3D printing is used in almost every industry, including automotive, construction, dentistry, and jewelry. However, the quality of your 3D prints can be influenced by the 3D printing technology you use.

There are many 3D printing technologies that you can use to create 3D printed objects. The most common include stereolithography, selective laser sintering, and fused wire deposition modeling.

This article discusses the types of 3D printing technologies.

1. Stereolithography (SLA)

Stereolithography or SLA is one of the first 3D printing technologies, and it is still used today. The technology uses the process of vat light curing to create 3D objects.

In SLA, an object is made by exposing a photopolymer resin to light, usually UV light. The process involves pointing a laser beam at a reservoir (vessel) of liquid photopolymer, selectively curing and curing it, and building it up one layer at a time.

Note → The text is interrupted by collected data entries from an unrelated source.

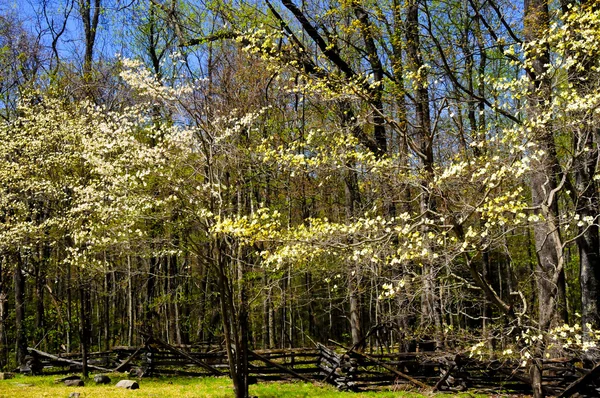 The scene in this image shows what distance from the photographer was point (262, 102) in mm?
14336

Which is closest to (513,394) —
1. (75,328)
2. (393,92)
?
(393,92)

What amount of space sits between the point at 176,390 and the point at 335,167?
262 inches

Parts printed using this technology are generally dimensionally accurate with smooth surface finishes, although they include support structures. SLA is used in the aerospace, automotive, and medical industries, to name a few.

2. Selective Laser Sintering (SLS)

Selective laser sintering (SLS) is a type of 3D printing technology based on the powder bed fusion process. This technology is primarily industrial and is ideal for complex geometries including negative and interior features, undercuts and thin walls.

Sintering is the process of making a solid mass of material by heating it, but not to the point of melting. The heat source is a powerful laser used to sinter powdered thermoplastics to form functional parts. A common material used in SLS is nylon.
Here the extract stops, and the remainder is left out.